The Pathways program builds on the Garrison Institute’s two decades of pioneering work exploring how morals, ethics, and insights from behavioral sciences inform how we meet environmental challenges. 

In 2003 we launched the Hudson River Project, a series of dialogues that brought scientists, spiritual leaders, and artists together to develop a common language of care for the river, the Hudson Valley region, and its biodiversity. Our Climate, Mind and Behavior (CMB) program, launched in 2008, drew on behavioral sciences to generate new thinking about behavior-driven climate solutions and propose ways of shifting environmentally impactful behaviors at scale.

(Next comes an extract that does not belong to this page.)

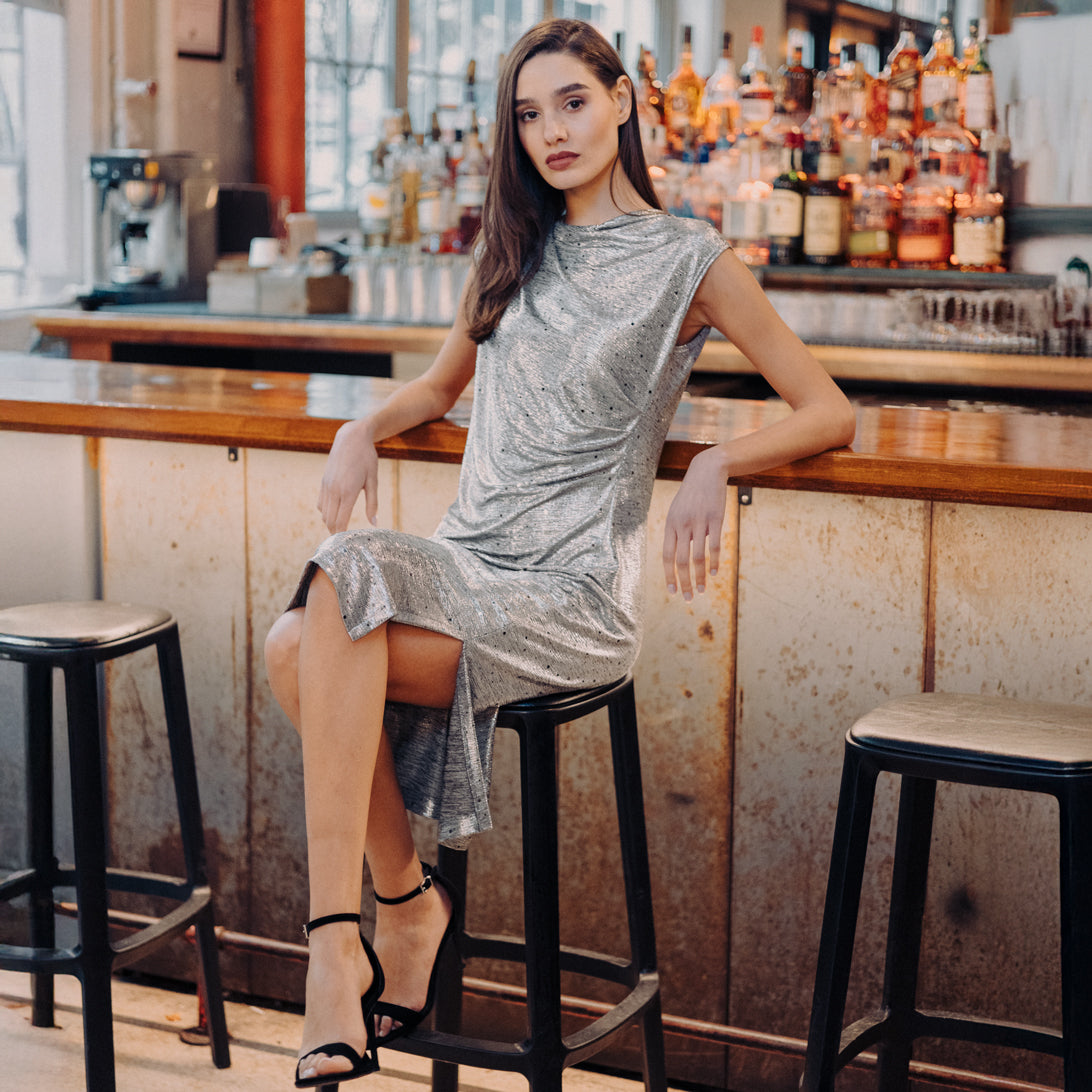 Model wearing the Clara Sunwoo silver shimmer dots midi dress, styled lifestyle view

Understanding mental models and frameworks that enable systems change and how they can be applied to shift behaviors has always been part of the Garrison Institute’s core expertise. Pathways draws on it to develop and disseminate mental models for promoting planetary health. To learn more, see our recent report on the 2020 Pathways to Planetary Health Symposium: Ethics in the Age of the Anthropocene.


In 2008, the Institute launched its Climate, Mind and Behavior program, integrating recent findings from the behavioral and social sciences, evolutionary theory, and psychology about the drivers of human behavior, in order to generate new thinking about behavioral-driven climate solutions. The program integrated contemplative traditions, academic research, and practical applications to propose ways of shifting environmentally impactful behaviors at scale. The Institute built networks of sustainability leaders in over 100 cities, many states, and several federal agencies, who continue to collaborate and apply these learnings, developing practical behavioral strategies for reducing energy consumption and GHG emissions.

In partnership with the Natural Resources Defense Council (NRDC), we developed a “behavioral wedge” model, identifying how personal actions and attitudinal shifts could curb energy consumption and reduce annual U.S. GHG emissions by a gigaton. Our partners continue to collaborate and apply CMB learnings today. CMB’s successor, the Garrison Institute Pathways to Planetary Health program, also applies them by developing new mental models and ethical frameworks for meeting environmental challenges.